L’escalade. Jusqu’où ?

Par François Alfonsi

 

Les points chauds du globe sont en Ukraine et au Proche Orient. Mais des zones inflammables existent ailleurs, où d’autres conflits fourbissent leurs préparatifs, notamment en Extrême Orient autour de la question de Taiwan. Comment cela pourrait-t-il évoluer ?

 

 

En Ukraine, le conflit en cours est largement éclipsé par le fracas des bombes de Gaza et de Beyrouth. Mais il n’a rien perdu de son intensité et de ses conséquences pour l’Europe, menacée sur sa frontière. Face à une Russie qui bénéficie de sa supériorité démographique et économique, et qui, surtout, ne dépend que d’elle-même, l’Ukraine doit composer avec les interdits de ses alliés, qui limitent politiquement l’usage des armes qu’ils fournissent, les États-Unis comme l’Europe, elle-même entravée par ses désunions.
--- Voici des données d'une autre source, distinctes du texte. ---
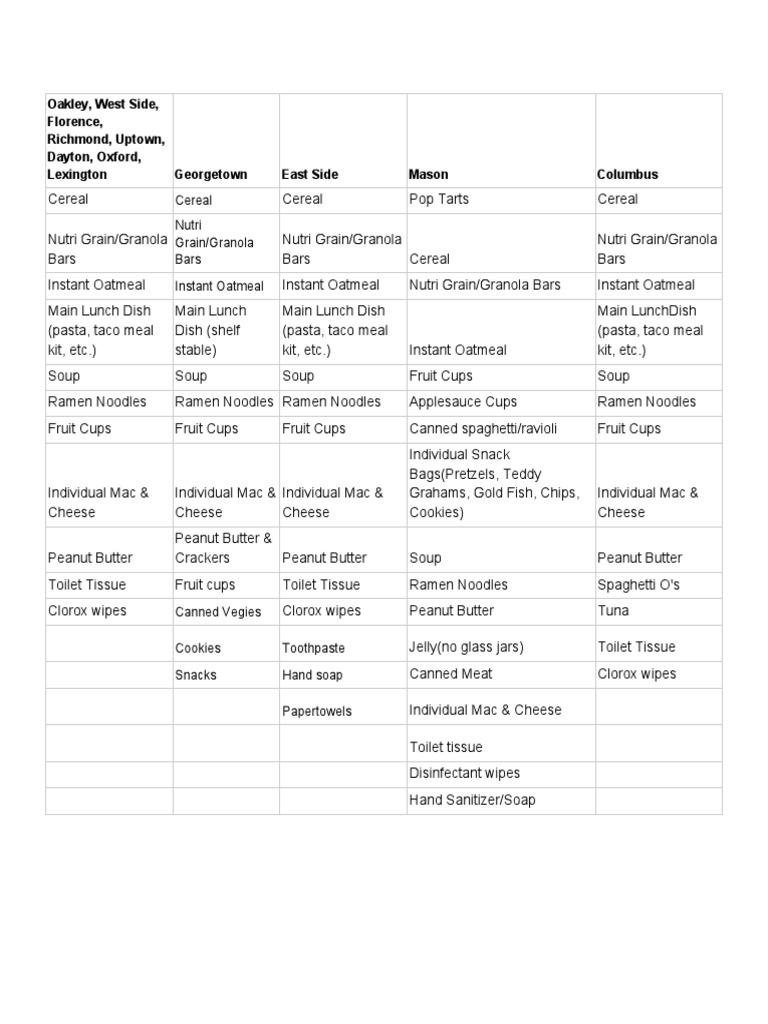 Food and Supplies Inventory List | PDF | Cooking, Food & Wine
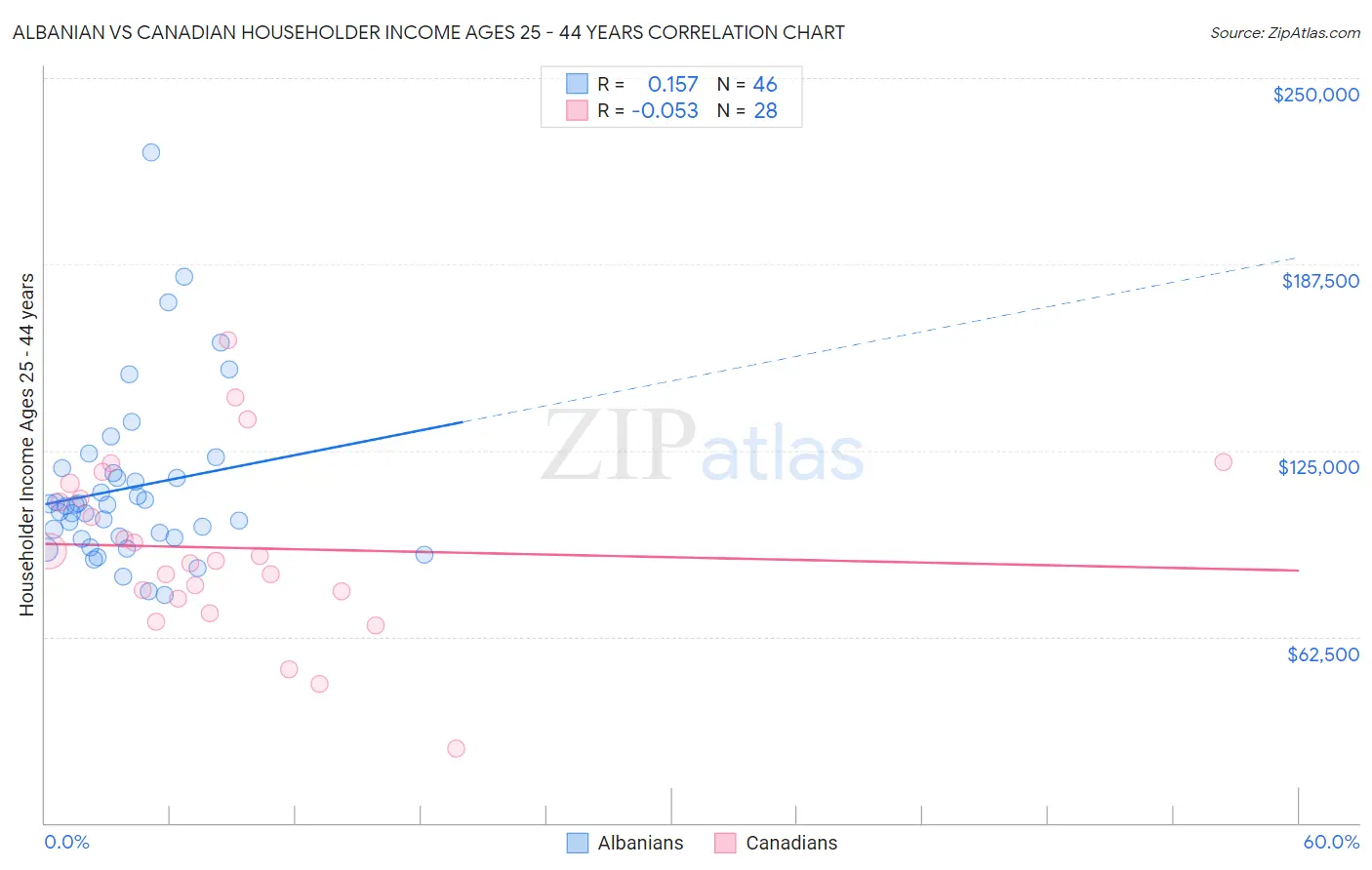 Albanian vs Canadian Householder Income Ages 25 - 44 years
Sur ce conflit plane le spectre de la prochaine élection américaine, qui pourrait, si Trump est élu, remettre en question ce qui représente plus de 50 % des aides militaires et économiques reçues par l’Ukraine, sans que l’Europe, y compris le Royaume Uni, touchés par la crise économique, ne puisse s’y substituer en volumes financiers et logistiques équivalents. L’industrie européenne d’armements est probablement incapable de donner seule suite aux besoins de cette guerre. Pendant ce temps Poutine a réussi à mettre sur pied des alliances improbables comme celle avec le régime de Corée du Nord qui envoie obus, missiles et même désormais des bataillons de soldats pour monter sur le front ukrainien.

 

Jusqu’à présent l’Ukraine résiste avec l’énergie de tout peuple qui joue sa survie. Elle a contré la première offensive de 2022, et même réussi une première contre-offensive, sans pour autant repousser l’armée russe de toutes les zones occupées lors de l’invasion de 2022.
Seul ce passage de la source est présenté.